If you haven’t yet had a listen to Auto Retail Network’s GDPR webinar, then it’s well worth half an hour of your time. As well as explaining precisely what the legislation is all about and its impact on retailers, the Q&A session at the end dredged up some poignant questions from senior dealers. 

One delegate asked whether sending a service or MoT reminder to a customer could be considered marketing, and therefore within the jurisdiction of GDPR, or if were simply customer information (and I think there’s a wider point here, about how, specifically, lawmakers define what is and isn’t marketing. Beyond the blatant stuff, a bit of clarity would not go amiss).
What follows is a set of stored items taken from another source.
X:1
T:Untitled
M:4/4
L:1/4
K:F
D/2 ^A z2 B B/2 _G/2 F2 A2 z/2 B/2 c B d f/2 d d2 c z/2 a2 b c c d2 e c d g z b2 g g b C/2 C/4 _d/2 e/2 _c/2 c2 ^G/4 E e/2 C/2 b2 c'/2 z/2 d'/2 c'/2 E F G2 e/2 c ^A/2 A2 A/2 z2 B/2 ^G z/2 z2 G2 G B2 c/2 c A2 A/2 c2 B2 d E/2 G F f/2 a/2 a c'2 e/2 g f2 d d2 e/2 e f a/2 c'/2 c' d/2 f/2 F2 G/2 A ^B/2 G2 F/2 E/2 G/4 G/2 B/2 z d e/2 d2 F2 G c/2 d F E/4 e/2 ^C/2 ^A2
Speakers Stewart Niblock of Autotorque and Iain Larkins of Radius Law agreed that such a practice would be applicable legislation, as it fell under the banner of “what is my data going to be used for?” – so the advice is to play it safe.  

Another question concerned existing databases, and whether or not retailers could be at risk due to old or odd marketing forms where customers might not have ticked the ‘I’m happy to receive emails from x dealership’ box, and whether or not businesses would be obliged to “repaper” the whole thing.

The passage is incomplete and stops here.